Exercise directions: Exact copies of the lines below, from the one with "[Pre-order] HG Build" up to and including the one with "Vino blanco verdejo Cune, 75 cl.", are what this calls for; leave out pictures.

Provided data:
◆ ◆ ◆
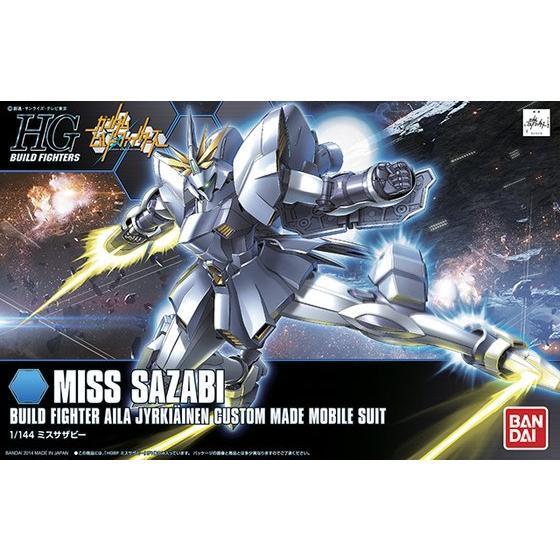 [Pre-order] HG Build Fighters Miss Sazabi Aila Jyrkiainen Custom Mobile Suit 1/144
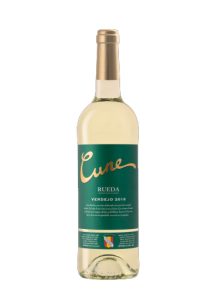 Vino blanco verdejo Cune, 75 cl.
◆ ◆ ◆
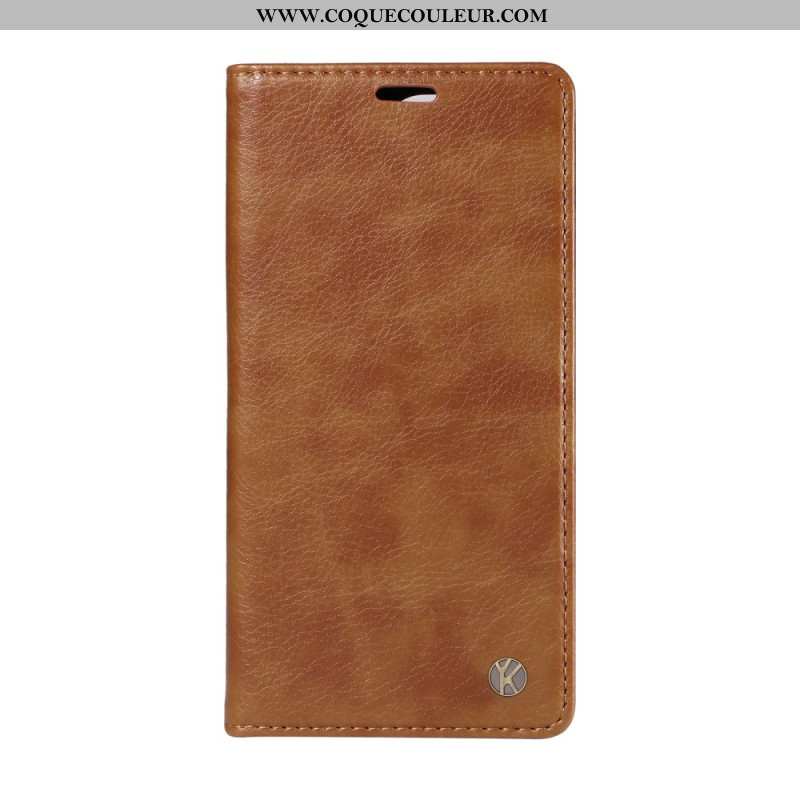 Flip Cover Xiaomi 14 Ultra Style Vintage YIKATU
◆ ◆ ◆
Response box:
 [Pre-order] HG Build Fighters Miss Sazabi Aila Jyrkiainen Custom Mobile Suit 1/144
 Vino blanco verdejo Cune, 75 cl.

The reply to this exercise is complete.